Across the Fourth Bridge, the causeway thirty feet deep and fifty yards wide, almost empty because it is spring: the Piura River is now a thread of water through mud and scattered trash. Clustered in the riverbed tight against the far bank are half a dozen shanties. Gaunt chickens skitter around them. The only green of any kind is a line of points in the loam, gourds or maybe melons.

Farther down the bank something moves along the top edge. It is long and black or dark gray, too thick for a snake and now out of sight, the bus jolting off the bridge onto the roadway. Mariangel climbs into my lap, points out the window at a speck in the sky. It is either a hawk or litter lifted by wind.

In two or three months the summer rains will start. The shanty owners will harvest their crops, will move up onto the banks as the causeway fills. For a time it will be beautiful here along the river and elsewhere in Piura: greenery on all sides.
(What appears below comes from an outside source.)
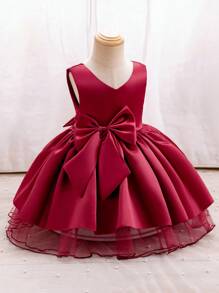 SHEIN Glamorique Kids Váy Giáng sinh cho bé gái, Váy dự tiệc không tay cho bé gái có chân váy tutu nơ 3D, Váy phù dâu cưới nhẹ nhàng ngọt ngào, Phù hợp với mọi mùa - Đỏ - Xem 1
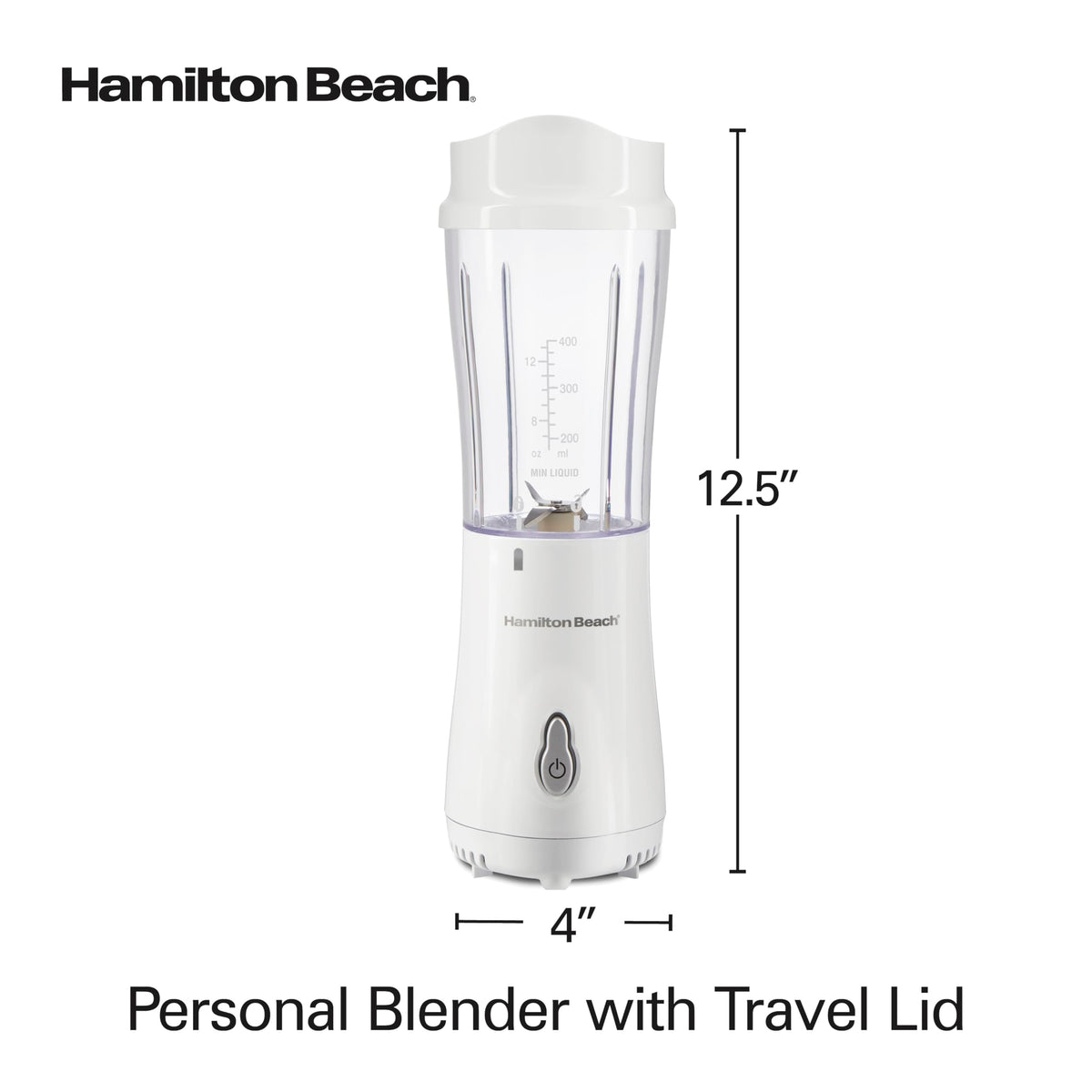 Hamilton Beach portable blender ideal for home, office, and travel.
People will come to the edge to watch the water move and to be calmed.

My head and hip ache and my stomach roils and south now, through Miraflores and Castilla and down into the Sechura, a strip of desert that holds the Pacific and the Andes apart for twelve hundred miles. Two tiny patches of its sand are in a sense my central texts. Marks on the dunes are the sentences and their meanings are unstable, altered daily by wind or rain, by footsteps including my own. I read looking for patterns, the better to see what does not fit them: traces of what was written one night ten months ago.

The fall/winter 10-11 (vol. 7, no. 2) issue will be available soon, then you'll be able to read the rest of "Cairn." To make sure you get as soon as it's available, sign up for a subscription today. If you buy a subscription now, you get an extra issue, so you get 3 issues instead of just 2. To get the special, head over to the webstore and type "Holiday Sale" in the special instructions box.

Tuesday, December 14, 2010

Bad Writing

Here's a promising looking documentary, Bad Writing, about a guy who wanted to be a poet and his discussions with several writers, including Steve Almond (vol. 1, no. 1, vol. 2, no. 1, and vol. 4, no. 2) and DA Powell (forthcoming in vol. 7, no. 2), about writing. While the trailer seems to focus more on the filmmaker's failure as a poet, the more interesting part of it, for me at least, is the question of bad vs good writing really being about a piece either failing or being successful as a work of art. My initial reaction is to say that a piece of writing can be well written and still not be good art. Can it work the other way around? I'd have to think about it more.

Anyways, the movie is already open in select cities, so check your local listings. Stop by the Bad Writing website for more information.

Monday, December 13, 2010


The Rumpus Book Club has chosen 9L contributor Roy Kesey's first novel Pacazo as their pick for January. If you're unfamiliar with The Rumpus Book Club, check it out. The book isn't due to be released until February 15, but you can get it over a month early if you join the book club.

It just so happens that the next issue of Ninth Letter (vol. 7, no. 2) will feature "Cairn," an excerpt from Pacazo. As fans of Roy's work (he also previously appeared in vol. 3, no. 2 & vol. 1, no. 2), we're looking forward to the release of his novel. Congratulations Roy! On Wednesday, I'll post an excerpt from "Cairn" (yes, an excerpt from an excerpt) as the third teaser from our new issue.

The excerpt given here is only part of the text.